私が住んでいる九州では、博多座でミュージカル公演があることを知り、なんとなく興味をもちました。しかし、一度も行ったことがなく、どんな感じなのかわからないけど観てみようと思い切ってチケットを購入することにしました。

6年ぶりの「レ・ミゼラブル」

博多座に「レ・ミゼラブル」を見に行くのは、6年ぶりの3回目でした。このミュージカルは1980年代からすでに公演されていたようですが、2013年から新演出となったそうです。私が初めてミュージカルを観たのは確か2017年でした。その2年後の2019年も観に行きましたが、それ以降はコロナの影響で、2021年は残念ながらあきらめざるを得ませんでした。公演関係者にもコロナ陽性者が出て、公演中止になった時期もあったようです。

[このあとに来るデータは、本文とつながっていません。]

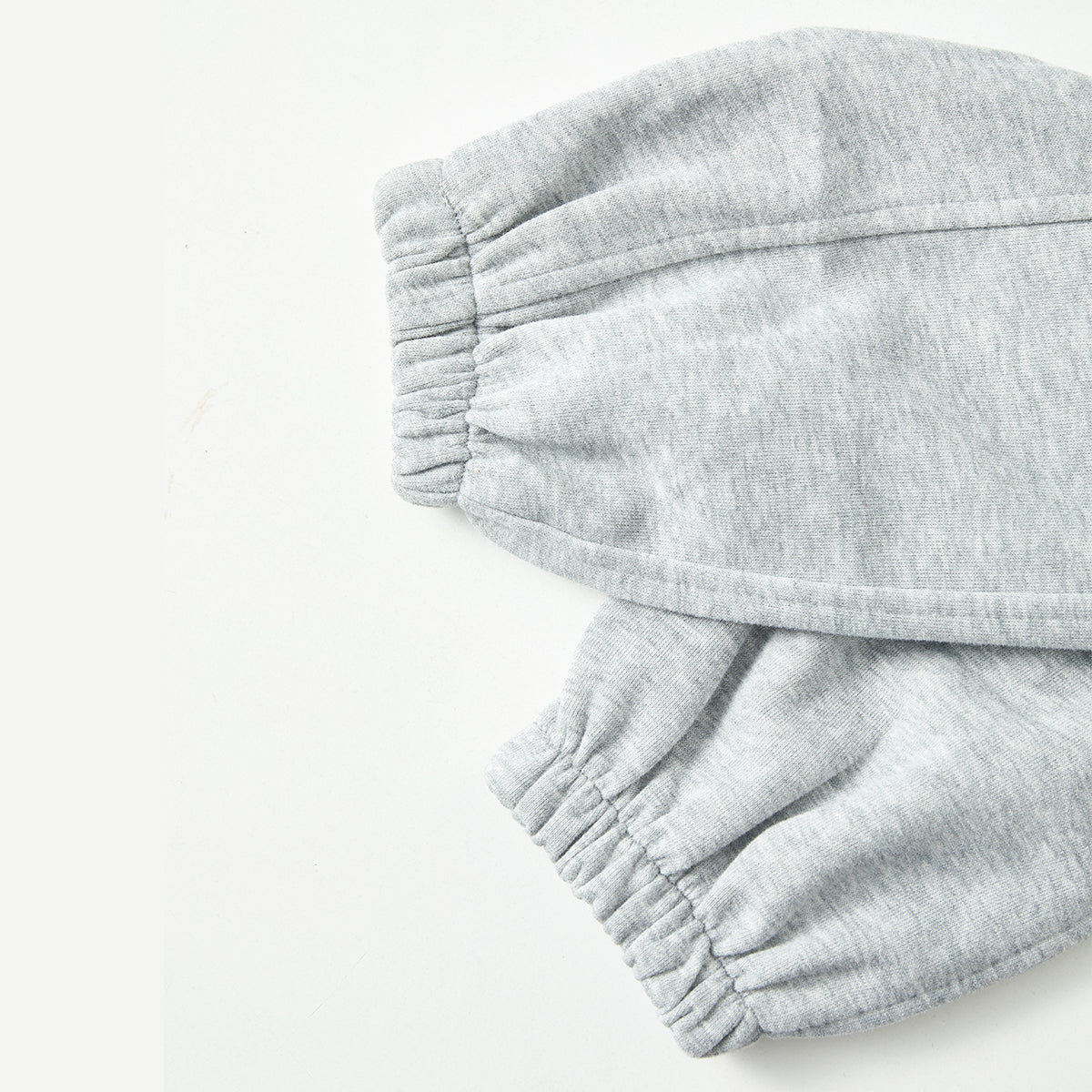 2–7 Years Big Pocket Jogger Pants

その後もコロナがどうなるかわからない時期が続き、もう行けないのではないかと半ばあきらめかけていました。しかし、しばらくは都合が合わず行けなかったものの、今回なんとかやっと6年ぶりに行ける運びとなりました。

座席について

座席についてですが、補助席しか確保できませんでした。なんと、販売開始後すぐに完売してしまい、通常の席を購入することができなかったのです。販売開始日にサイトを確認したところ、すでに完売していて絶望的な気持ちになりました。以前は販売開始後でも結構な日数が経ってから購入できたのに、本当に甘く見ていたと後悔しました。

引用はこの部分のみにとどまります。